Месть XVI столетия за грехи прошлых поколений

Н. Костомаров

Московский царь давно уже не терпел Новгорода. При учреждении Опричнины (…)он обвинял весь русский народ в том, что, в прошедшие века, этот народ не любил царских предков. Видно, что Иван читал летописи и с особенным вниманием останавливался на тех местах, где описывались проявления древней вечевой свободы. Нигде, конечно, он не видел таких резких, ненавистных для него черт, как в ис­тории Новгорода и Пскова. Понятно, что к этим двум зем­лям, а особенно к Новгороду, развилась в нем злоба.
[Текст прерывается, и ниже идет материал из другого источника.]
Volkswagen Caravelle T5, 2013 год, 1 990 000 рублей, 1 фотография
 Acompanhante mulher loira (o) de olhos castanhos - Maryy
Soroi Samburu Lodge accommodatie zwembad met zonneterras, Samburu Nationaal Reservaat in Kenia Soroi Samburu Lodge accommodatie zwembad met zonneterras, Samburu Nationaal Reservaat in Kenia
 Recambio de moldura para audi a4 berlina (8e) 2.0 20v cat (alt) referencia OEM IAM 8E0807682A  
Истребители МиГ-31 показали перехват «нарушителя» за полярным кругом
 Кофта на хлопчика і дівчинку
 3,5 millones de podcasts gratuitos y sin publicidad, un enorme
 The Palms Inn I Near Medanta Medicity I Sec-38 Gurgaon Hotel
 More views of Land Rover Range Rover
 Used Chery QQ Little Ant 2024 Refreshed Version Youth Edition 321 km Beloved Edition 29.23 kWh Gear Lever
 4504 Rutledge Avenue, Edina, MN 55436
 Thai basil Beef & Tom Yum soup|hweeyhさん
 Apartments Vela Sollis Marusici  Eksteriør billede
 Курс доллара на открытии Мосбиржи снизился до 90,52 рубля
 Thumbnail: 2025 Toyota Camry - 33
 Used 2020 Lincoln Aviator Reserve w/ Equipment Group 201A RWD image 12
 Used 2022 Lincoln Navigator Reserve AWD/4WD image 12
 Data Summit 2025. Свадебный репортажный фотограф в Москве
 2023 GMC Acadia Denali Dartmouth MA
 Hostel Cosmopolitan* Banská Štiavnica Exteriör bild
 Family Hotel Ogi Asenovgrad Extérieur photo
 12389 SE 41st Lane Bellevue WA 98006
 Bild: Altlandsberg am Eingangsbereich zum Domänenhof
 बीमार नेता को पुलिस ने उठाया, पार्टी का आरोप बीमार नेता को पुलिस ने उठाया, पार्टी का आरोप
Новго­родцы уже знали об этой злобе и чуяли над собою беду […]. Собственно тогдашние новгородцы не могли брать на себя исторической ответственности за прежних, так как они происходили большею частью от переселенных Иваном IIIв Новгород из жителей других русских земель; но для му­чителя это обстоятельство проходило бесследно. В 1559 году Иван начал выводить из Новгорода и Пскова жителей с их семьями: из Новгорода взял сто пятьдесят, из Пскова — пятьсот, Новгород и Псков были в большом страхе. В это время какой-то бродяга, родом волынец, наказанный за что-то в Новгороде, вздумал разом и отомстить новгород­цам и угодить Ивану. Он написал письмо, как будто от архи­епископа Пимена и многих новгородцев к Сигизмунду-Ав­густу, спрятал это письмо в Софийской церкви за образ Бо­городицы, а сам убежал в Москву и донес государю, что ар­хиепископ со множеством духовных и мирских людей от­дается литовскому государю. Царь с жадностью ухватился за этот донос и тотчас отправил в Новгород искать указан­ных грамот. Грамоты действительно отыскались. Чудо­вищно развитое воображение Ивана и любовь к злу недопустили его до каких-нибудь сомнений в действительно­сти этой проделки.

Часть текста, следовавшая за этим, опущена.